O Plano Safra 2021/22 deve ser lançado em cerimônia oficial no Palácio do Planalto na próxima semana, segundo fontes do Ministério da Agricultura, Pecuária e Abastecimento (Mapa). As datas mais prováveis para o evento são os dias 22 ou 23.

O governo não confirma a data, mas com a publicação no Diário Oficial da União da lei que recompõe o orçamento das subvenções econômicas do agro, na última sexta-feira, 11, houve um aumento da expectativa para o anúncio do próximo plano agrícola e pecuário.

Outra informação, ainda não confirmada pelo ministério, é a taxa de juros dos recursos equalizados, ou seja, dos recursos que serão subsidiados pelo governo e destinados a beneficiários do Programa Nacional de Fortalecimento da Agricultura Familiar (Pronaf). A taxa de juros mínima nessa modalidade do atual Plano Safra é de 2,75%, mas essa porcentagem deve aumentar.

Fontes ligadas ao assunto no ministério dizem que as taxas para a agricultura familiar devem ficar entre 3% e 6%. O Mapa trabalha para manter o índice mínimo em 3%.

Esse aumento é tido como inevitável, devido a conjuntura macroeconômica. A taxa básica de juros, a Selic, está maior do que no lançamento do Plano Safra 20/21 (valor era de 2,25% na época). Além disso, o aumento da inflação e da variação do dólar pressionam os custos financeiros. Na ala técnica dos ministérios da Economia e Agricultura, o aumento de taxas dado como certo.

No início das negociações sobre o Plano Safra 2021/22, a ministra Tereza Cristina havia solicitado R$ 15 bilhões ao Tesouro Nacional para equalização das taxas de juros.

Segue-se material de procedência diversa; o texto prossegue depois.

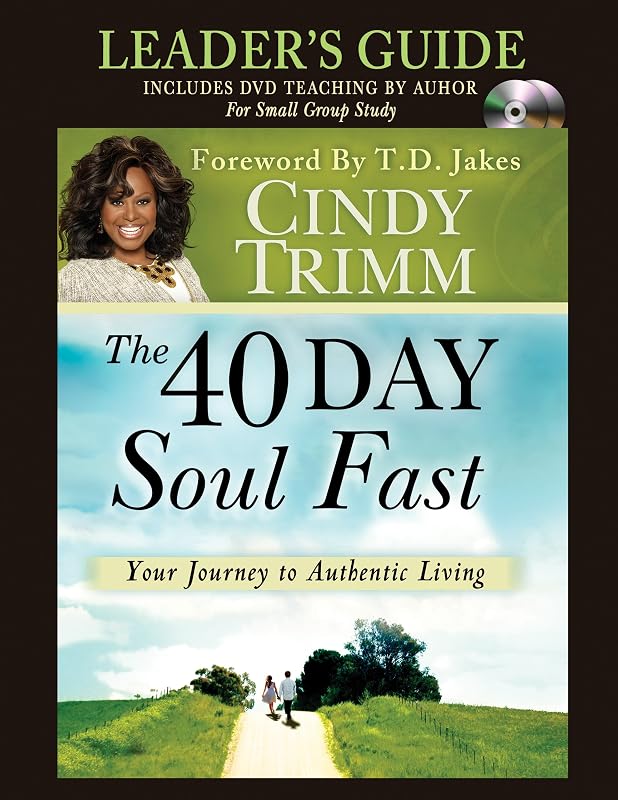 The 40 Day Soul Fast Leader's Guide by Cindy Trimm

Mas, interlocutores afirmam que, nesta reta final de negociações, Tereza Cristina tenta um acordo com o chefe da Economia, o ministro Paulo Guedes, de destinação de R$ 16,4 bilhões.

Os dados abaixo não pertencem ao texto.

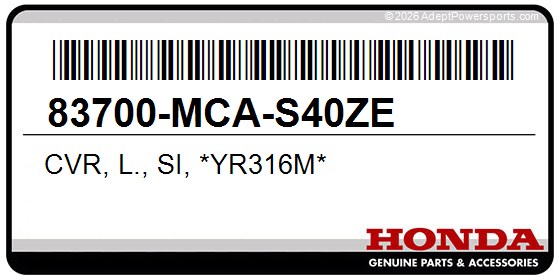 Honda 83700-MCA-S40ZE Cvr, L., Si, *Yr316m*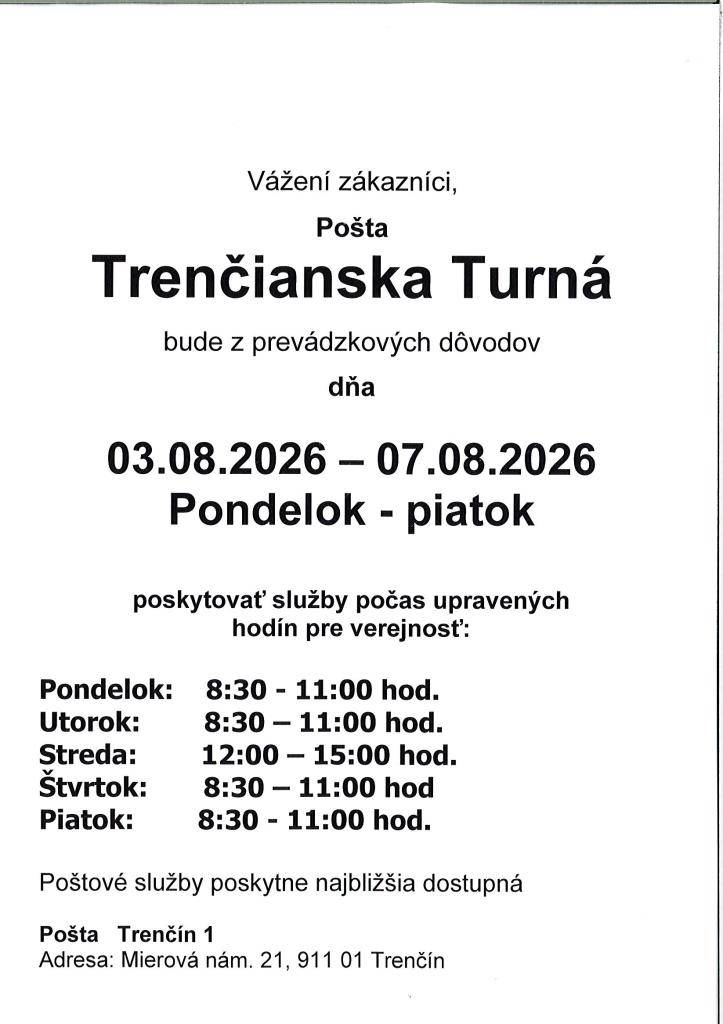 Pošta v Trenč. Turnej bude od 3.8. do 7.8.2026 poskytovať služby počas upravených hodín pre verejnosť nasledovne: po.,ut.,štv.,piat., od 8:30 do 11:00 hod. a v stredu od 12:00 do 15:00 hod.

Em audiência na Comissão de Agricultura da Câmara dos Deputados realizada no início do mês, o diretor de Financiamento e Informação do Mapa, Wilson Vaz de Araújo, já havia anunciado que a cifra de R$15 bilhões seria capaz de proporcionar apenas um Plano Safra 21/22 nos mesmos moldes do atual. No Plano Safra 20/21, o Tesouro disponibilizou R$11,5 bilhões para equalização e o montante total de recursos foi de R$236,3 bilhões.

Próximos passos

Durante audiências públicas na Comissão da Agricultura da Câmara, representantes do Mapa foram unânimes em dizer que o ministério tem trabalhado para lançar o Plano Safra 2021/22 o mais breve. O passo a passo até chegar ao anúncio está atrasado, mas superada a etapa da recomposição do orçamento, o passo seguinte é a reunião do Conselho Monetário Nacional (CMN).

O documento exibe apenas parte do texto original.